__Input records__.
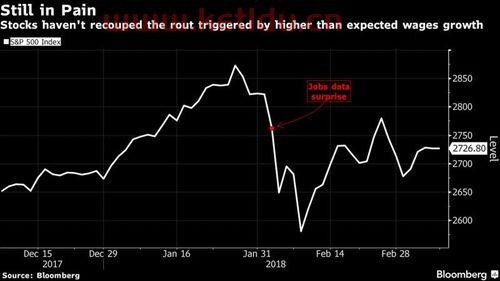 福布斯北京总经理工资高吗〖中国哪个城市工资最高中国哪些城市工资最高〗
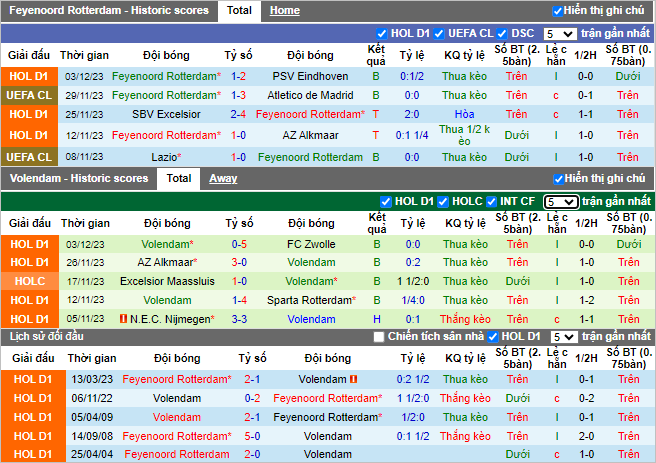 Nhận định, soi kèo Feyenoord vs Volendam, 03h00 ngày 08/12 - Ảnh 1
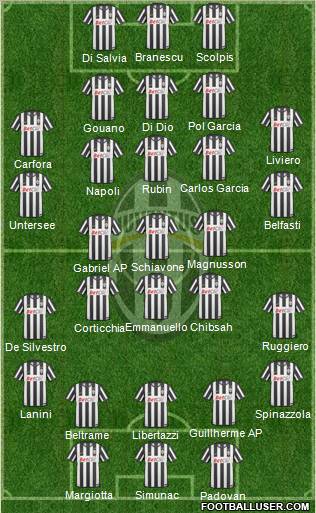 Juventus Formation 2011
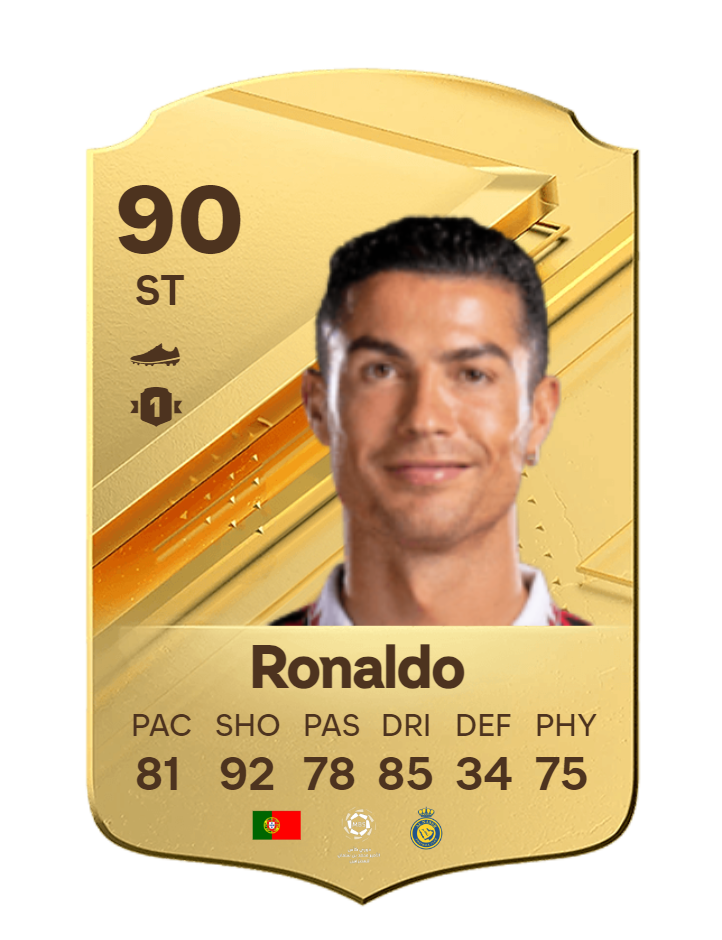 Will Cristiano Ronaldo Be In EA FC 24?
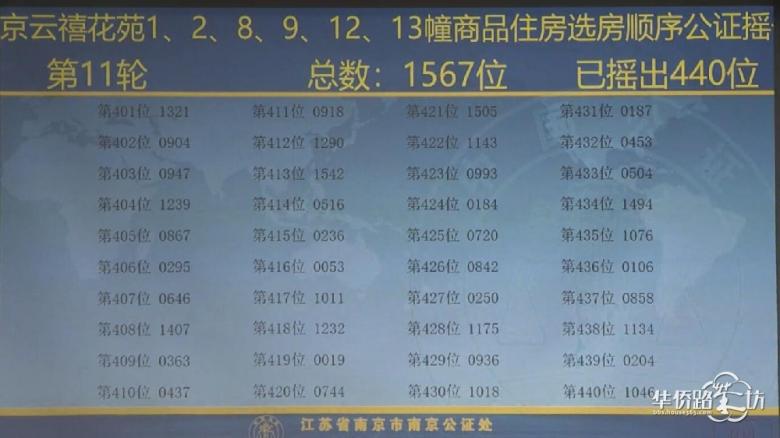 中签率8.6%!保利云禧公证摇号结果出炉! 中签率8.6%!保利云禧公证摇号结果出炉!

__Problem to work on__.
Your reply should restate the data above word for word and contain no pictures.

__Exercise result__.
 福布斯北京总经理工资高吗〖中国哪个城市工资最高中国哪些城市工资最高〗
 Nhận định, soi kèo Feyenoord vs Volendam, 03h00 ngày 08/12 - Ảnh 1
 Juventus Formation 2011
 Will Cristiano Ronaldo Be In EA FC 24?
 中签率8.6%!保利云禧公证摇号结果出炉! 中签率8.6%!保利云禧公证摇号结果出炉!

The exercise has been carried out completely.